Альбинос вопросительно покосил глаза.
— А что, есть какие-то подвижки?
Доктор качнул головой. И хотя он врал, ему хотел уколоть упертого альбиноса, дав тому понять, что и без его помощи способен добиться намеченного результата.
— Это опасный путь.
— Все равно рано или поздно я приду к этому. С твой помощью или без, но у меня все получится.
Альбинос отошел от церемониального камня и приблизился к черному чугунному чану по краям которого стекала еще теплая, но местами засохшая зеленая субстанция. Хью знал что это. Помнил разговор с «богомолом», который был тем самым орудием, руками которого доставалось из варильных чанов дурманящее вещество. Вскоре появился и он. Худощавый мужчина в оборванных вещах прошел робким шагом к своему рабочему месту, наклонился над разинутой чугунной пастью и спустя мгновение с криком от невыносимой боли опустил к самому дну свои искалеченные руки. Он кричал долго, стараясь не плакать, но слезы текли по его щекам, а лицо с каждой секундой становилось все более красным. Вена, вертикально разрезавшая собой высокий лоб, вздулась, как почка, готовая лопнуть и выплеснуть под кожу алую кровь. Потом стон, руки медленно стали подниматься, сжимая в своих грубых пальцах комки зеленого вещества. По помещению распространился кисловатый аромат. Потом дымка, пары вещества поднялись к самому потолку, после чего опустились, накрыв собой почти половину комнаты.
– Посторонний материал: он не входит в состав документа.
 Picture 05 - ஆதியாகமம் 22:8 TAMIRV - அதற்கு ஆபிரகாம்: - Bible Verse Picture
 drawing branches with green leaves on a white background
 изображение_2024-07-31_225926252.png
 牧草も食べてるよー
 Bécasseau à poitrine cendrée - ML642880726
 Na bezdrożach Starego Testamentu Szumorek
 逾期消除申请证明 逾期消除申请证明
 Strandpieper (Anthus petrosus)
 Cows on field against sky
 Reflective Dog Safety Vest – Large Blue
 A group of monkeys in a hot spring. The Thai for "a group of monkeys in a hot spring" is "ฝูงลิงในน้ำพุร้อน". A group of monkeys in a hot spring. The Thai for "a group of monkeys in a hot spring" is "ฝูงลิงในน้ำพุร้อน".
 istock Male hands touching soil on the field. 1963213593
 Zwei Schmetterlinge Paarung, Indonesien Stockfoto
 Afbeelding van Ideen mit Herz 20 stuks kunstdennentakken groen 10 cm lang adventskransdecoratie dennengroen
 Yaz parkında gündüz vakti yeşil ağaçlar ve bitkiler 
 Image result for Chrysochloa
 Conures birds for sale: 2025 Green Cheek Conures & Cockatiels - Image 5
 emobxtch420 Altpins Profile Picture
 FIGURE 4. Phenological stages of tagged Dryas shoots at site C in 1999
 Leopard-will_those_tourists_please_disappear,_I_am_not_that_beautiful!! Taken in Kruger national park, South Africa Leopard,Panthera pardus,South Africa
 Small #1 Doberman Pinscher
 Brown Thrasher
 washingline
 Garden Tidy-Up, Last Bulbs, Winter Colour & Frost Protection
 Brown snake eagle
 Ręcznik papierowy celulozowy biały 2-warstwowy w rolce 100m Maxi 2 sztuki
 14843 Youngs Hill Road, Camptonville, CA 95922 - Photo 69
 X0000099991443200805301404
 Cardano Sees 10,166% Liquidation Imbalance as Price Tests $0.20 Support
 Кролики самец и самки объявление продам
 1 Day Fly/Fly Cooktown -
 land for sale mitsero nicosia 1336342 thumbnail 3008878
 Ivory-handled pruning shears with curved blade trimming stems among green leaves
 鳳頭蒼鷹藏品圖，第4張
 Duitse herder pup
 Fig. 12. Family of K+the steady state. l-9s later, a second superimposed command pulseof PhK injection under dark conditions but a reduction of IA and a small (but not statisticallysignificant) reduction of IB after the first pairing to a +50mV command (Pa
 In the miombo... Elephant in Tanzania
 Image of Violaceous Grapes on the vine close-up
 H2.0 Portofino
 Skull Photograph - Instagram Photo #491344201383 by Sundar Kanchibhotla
— Ты хорошо потрудился, — сказал альбинос, собирая еще теплую субстанцию из рук богомола. — А теперь иди, ты заработал свою порцию.
Оставив в его ладонях маленькую пригоршню этого вещества, альбинос отпустил мужчину, все еще стонавшего от обжигающей боли, потом подошел к Хьюго и поднес уже начавшую смердеть субстанцию к его лицу.
— Всего один вдох и ты увидишь семью. Это все, что я могу сделать для тебя, старик. Вся моя власть, вся сила, что есть во мне сейчас сосредоточена в моих руках. Возьми же ее и довольствуйся тем, что ты увидишь за гранью.
Хью боязливо отвернулся, не желая принимать подарок альбиноса.
— Ну же, — тихо смеялся собеседник. — Это не больно, наоборот — ты почувствуешь спокойствие и блаженство. Ты увидишь семью: жену, ребенка. Сможешь с ними поговорить. Не знаю сколько это сможет продлиться, но это единственное, что я могу тебе предложить. Подумай о них, они ведь ждут тебя, хотят с тобой встретиться, побеседовать. Разве не об этом ты мечтаешь все это время?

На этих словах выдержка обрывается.